Martin v. Loewis martin@v.loewis.de
13 Aug 2002 16:45:36 +0200


Guido van Rossum <guido@python.org> writes:

> Aha!  So MBCS is not an encoding: it's an indirection for a variety of
> encodings.  (Is there a way to find out what the encoding is?)

Correct. In Python, locale.getdefaultlocale()[1] returns the encoding;
the underlying API function is GetACP, and Python uses it as

    PyOS_snprintf(encoding, sizeof(encoding), "cp%d", GetACP());

There is a second indirection, the "OEM code page", which they use:
- for on-disk FAT short file names,
- for the cmd.exe window

Python currently offers no access to GetOEMCP().

> Do you mean that the condition on
> 
> #if defined(HAVE_LANGINFO_H) && defined(CODESET)
> 
> is reliably false on Windows?  Otherwise _locale.setlocale() could set
> it.

Correct. nl_langinfo is a Sun invention (I believe) which made it into
Posix; Microsoft ignores it.

> So as long as they use 8-bit it's not our problem, right.  Another
> reason to avoid prodicing Unicode without a clue that the app expects
> Unicode (alas).  (BTW I find a Unicode argument to os.listdir() a
> sufficient clue.  IOW os.listdir(u".") should return Unicode.)

Indeed, that would be consistent.

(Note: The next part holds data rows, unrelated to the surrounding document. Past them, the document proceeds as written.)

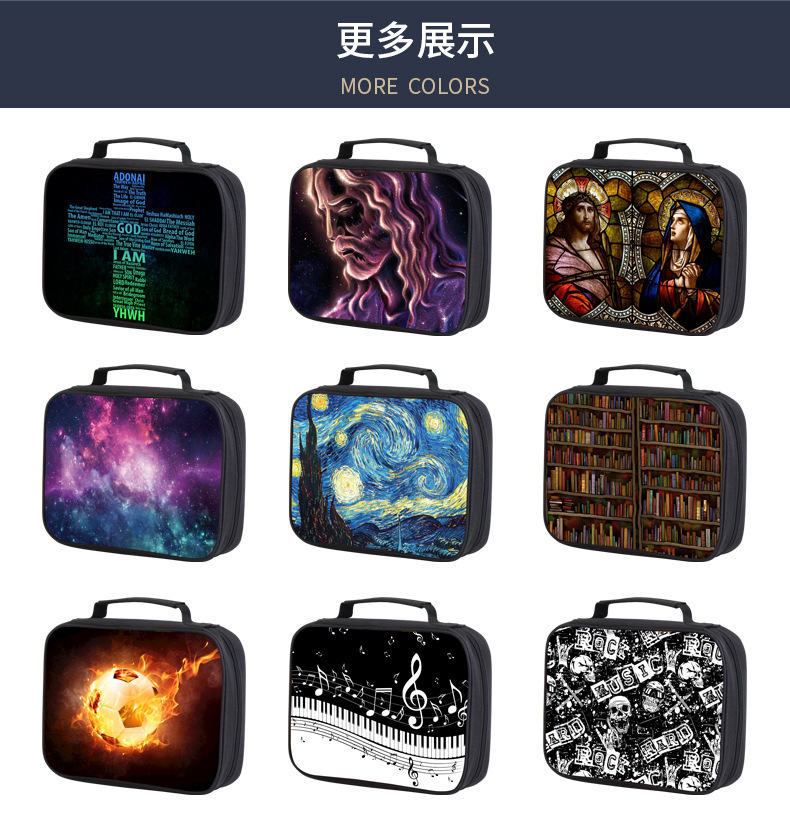 圣经包-黑色-单面-吉他-库博_05.jpg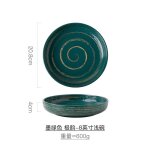 Bol a soupe cr�atif en c�ramique, assiette profonde, vaisselle de table, grand bol a salade, bol a l�gumes ...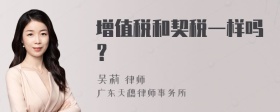 增值税和契税一样吗？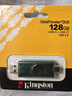 金士顿（Kingston）128GB Type-C USB3.2 双接口U盘 DTDEG2 大容量办公车载优盘 适用于安卓苹果手机电脑 实拍图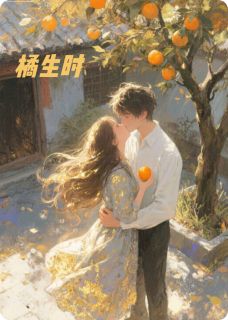 橘生时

I deliberately want to leave this
out of PEP 277. On Unix, things are not that clear - as Jack points
out, readlink() and getcwd() also need consideration.

> > Ok, I'll update the PEP.
> 
> To what?  (It would be bad if I convinced you at the same time you
> convinced me of the opposite. :-)

I haven't changed anything yet, and I won't. 

In this terrain, Windows has the cleaner API (they consider file names
as character strings, not as byte strings), so doing the right thing
is easier.

Regards,
Martin